Sunday, February 3, 2013

2 kinds of weird: "Flesh & Blood" by Helen Phillips and "Reeling for the Empire" by Karen Russell



Tin House: Winter Reading2 kinds of weird. 

S&A: “Flesh & Blood” by Helen Phillips

S&A: “Reeling for the Empire” by Karen Russell


Reading these stories in the same journal made me reflect on the different types of “weird” (AKA, slipstream, magical realism, absurdist, fabulist, fantastical) story-telling styles. 

Helen Phillips’s story starts with a concept and then runs with it.  There’s no real plot, no character development, or conflict—just one person dealing with new, bizarre circumstances.  It feels rather like an exercise to me, rather than a finished story.  In Helen’s piece, the main character cannot see flesh, just everything under it.  It’s treated so literally, without any extraordinary circumstances, so it never seems like a symbolic or allegorical situation, just the exploration of a “what if”.

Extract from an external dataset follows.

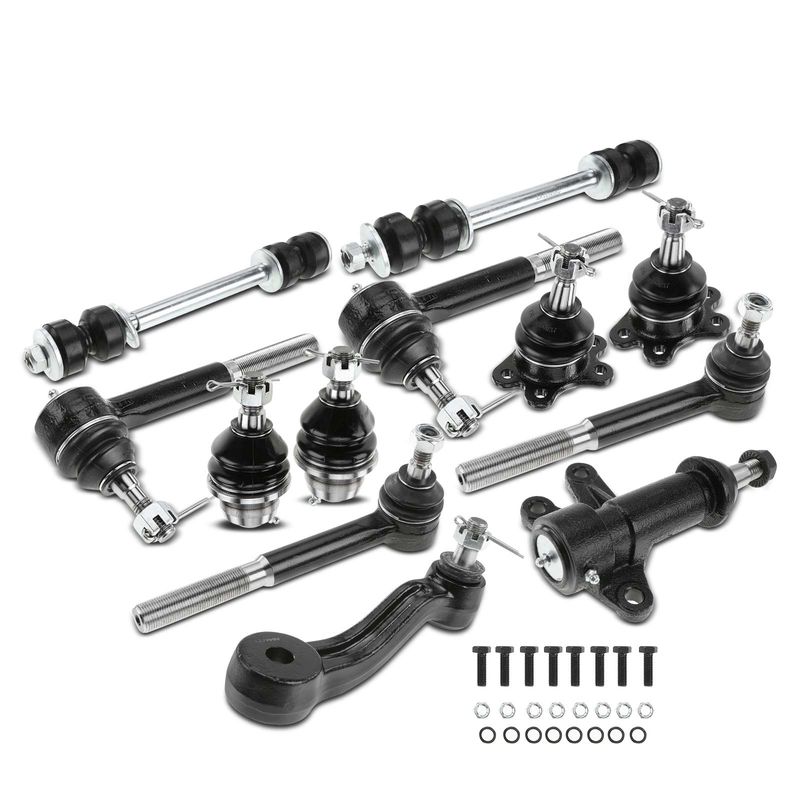 12x Front Control Arm Sway Bar Link Tie Rod End Ball Joint for Chevy K1500 GMC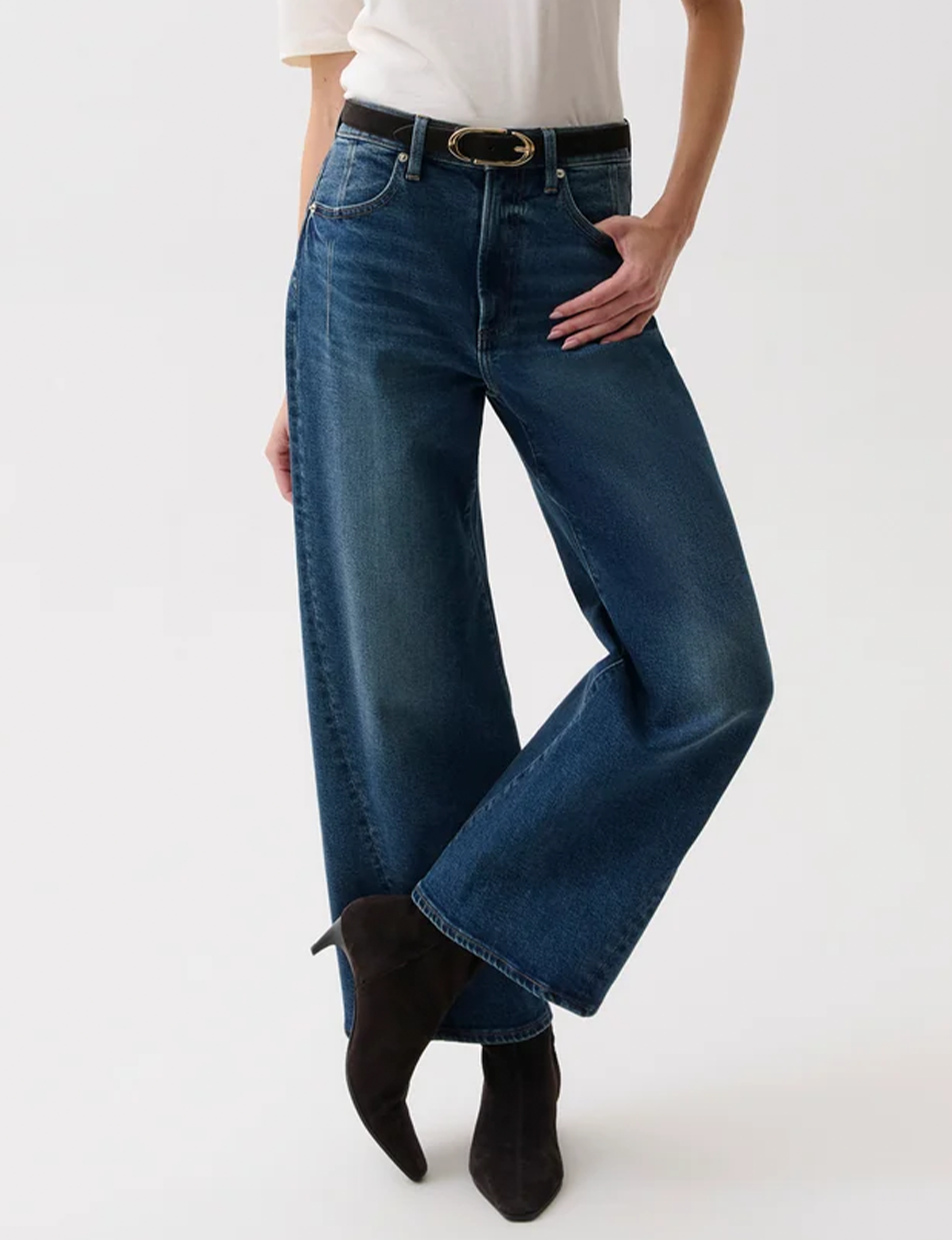 Kyra High Rise Bowed Ankle, Cosmic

The conceptual framework of Russell’s story is every bit as bizarre as Phillips’s, if not more so.  Young women emit silk through their bodies and die if it’s not released.  Some factory owner capitalizes on it.  The color of the silk, the pain/pleasure of releasing it, the labor conditions and recruitment situations, and the development of characters beyond the protagonist, along with multiple layers of conflict (internal, between co-workers, against the boss), make this story at once highly symbolic, highly fantastical, and largely plot-driven.  Like Phillips’s story, “Reeling for the Empire” has a cool, unusual concept, but unlike her story the concept is balanced out by the features of story-telling one would expect from a realist piece (in sum: character-driven plot).